With this in mind, we turn to the statutory provision involved, which is as follows:

“Any person who drives a motor vehicle on any highway or trafficway of this Commonwealth at a time when their (sic) operating privileges suspended or revoked as a condition or acceptance of Accelerated Rehabilitative Disposition for a violation of Section 3731 ... or because of a. violation of Section 1547(b)(1) . . . shall, upon conviction, be guilty of a summary offense and shall be sentenced to pay a fine of $1,000 and to undergo imprisonment for a period of not less than 90 days.” (Emphasis added.)

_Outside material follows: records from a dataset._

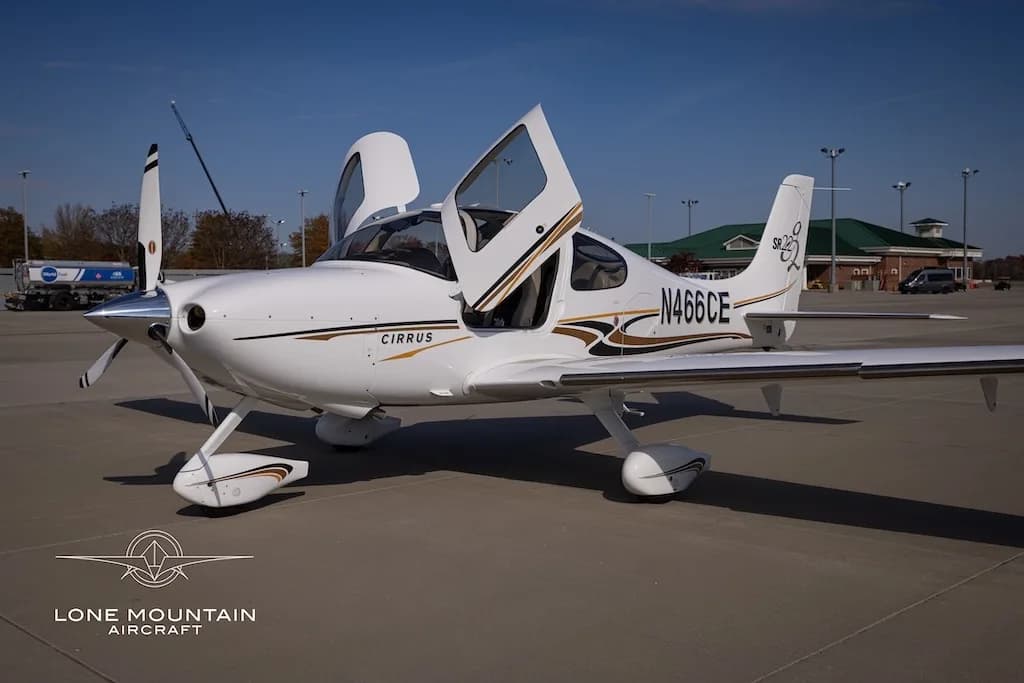 A white Cirrus SR22 aircraft with gold and black stripes, registration N466CE, parked on an airfield with its doors open.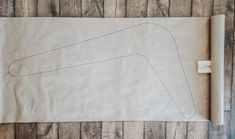 a piece of paper with a drawing on it sitting on top of a wooden floor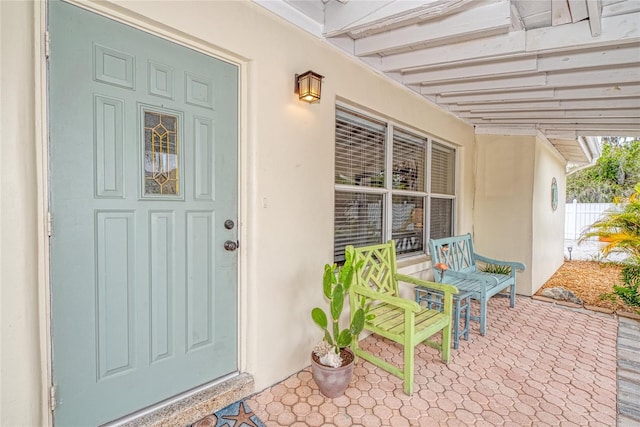 doorway to property with a porch and stucco siding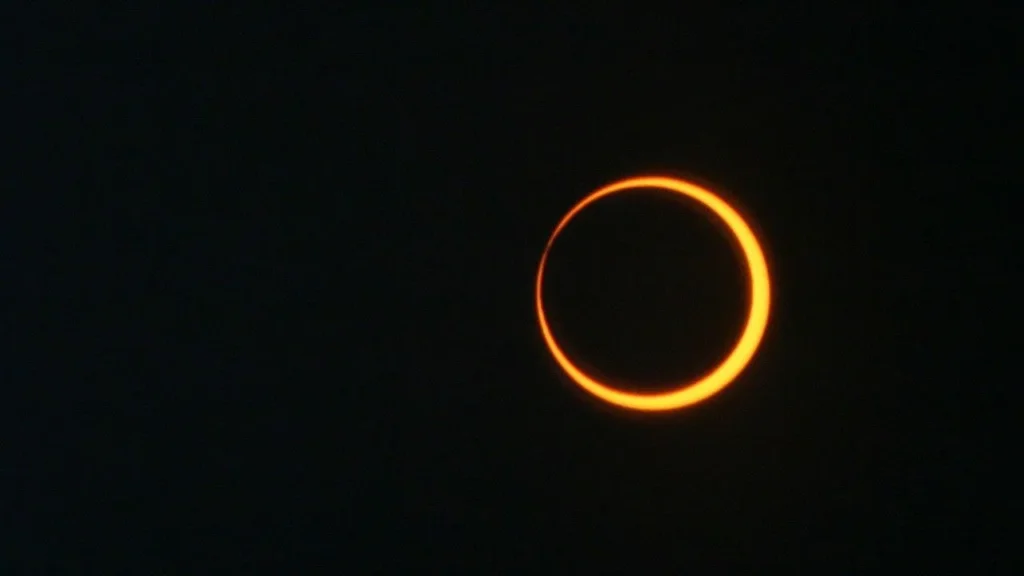 Fotografia em alto contraste de um eclipse solar anelar contra um fundo totalmente escuro. No centro, o disco negro da silhueta lunar oculta a maior parte do Sol, deixando visível apenas uma borda fina, perfeitamente circular e brilhante de luz alaranjada, formando o característico "anel de fogo".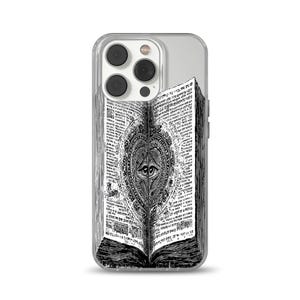 Peut inclure: Coque de téléphone transparente avec une illustration en noir et blanc d'un livre ouvert. Les pages du livre sont remplies de texte et d'un motif central d'un œil dans un cadre en forme de cœur. La coque a un dos transparent et un module caméra argenté.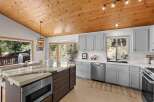 Experience the perfect blend of rustic charm and modern convenience in this stunning kitchen.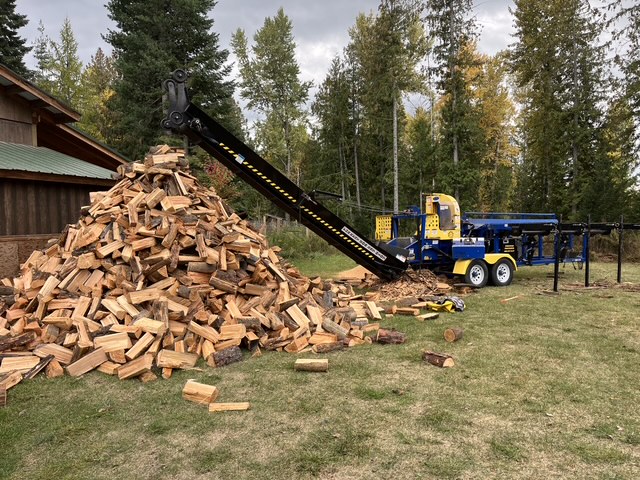 Processor conveying split firewood into a tall pile beside a cabin in the fall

Tempted as we may be to construe this section against defendant (and his sorry driving record *610evokes no mercy) and in accordance with what we perceive to be the legislative intent, we are bound by yet another rule of statutory construction as set forth in section 1921 of the Statutory Construction Act, supra, which provides that “When the words of a statute are clear and free from all ambiguity, the letter of it is not to be diregarded under the pretext of pursuing its spirit.”

When viewed in the context of the foregoing discussion, it becomes clear that for the defendant to be found guilty of a violation of Section 1543(b) of the Vehicle Code, supra, in the instant proceeding, the Commonwealth must establish that on March 9, 1983, defendant’s driving privileges were suspended because of his violation of one of the specific Vehicle Code provisions set forth in section 1543(b), i.e. section 1547(b)(1) or section 3731.

The certification statement pertaining to defendant and issued by the Pennsylvania Department of Transportation, received in evidence, reveals that the only violation which would subject defendant to the penalties of section 1543(b) was his arrest on November 23, 1979 for refusing to submit a chemical test of his breath. This statement further indicates that the license suspension for that offense was not scheduled to commence until March 29, 1986 because of the cumulative effect of other suspensions imposed upon defendant. A closer analysis of the certification statement discloses that the suspension defendant was supposed to be serving on March 9, 1983, the date of the alleged violation giving rise to the instant prosecution, was for a section 3733 violation on May 15, 1978, which was not one proscribed by the provisions of the statute under which the instant prosecution was brought.

*611Therefore, we must grant defendant’s motion in arrest of judgment. The position we find ourselves in today is not unlike that of the Superior Court in Commonwealth v. Fay, _ Pa. Super. _, 467 A.2d 384 (1983), wherein it was stated:

“It is not enough to say that (defendant) has most probably shown a disrespect for the law; or even that, under these facts, he might have been charged with violations of other laws.

“The only legal question before us is whether he could have been found guilty of the crimes with which he was charged. We have answered this question in the negative.”

We are bolstered in our decision by a belief that Section 1543(b), which was a 1982 amendment to the Vehicle Code, supra, and which became effective in January of 1983, as applied to the instant situation, is an invalid ex post facto law in that it makes the punishment for the action of the defendant greater than when the act on which the charge is based was committed. Commonwealth v. Riley, 253 Pa. Super. 260, 384 A.2d 1333 (1978).

ORDER

And now, April 24, 1984, for the reasons set forth in the opinion of even date attached hereto, it is ordered that judgment in the above-captioned matter be and the same is hereby arrested and the defendant, Richard L. Arnold, II, discharged.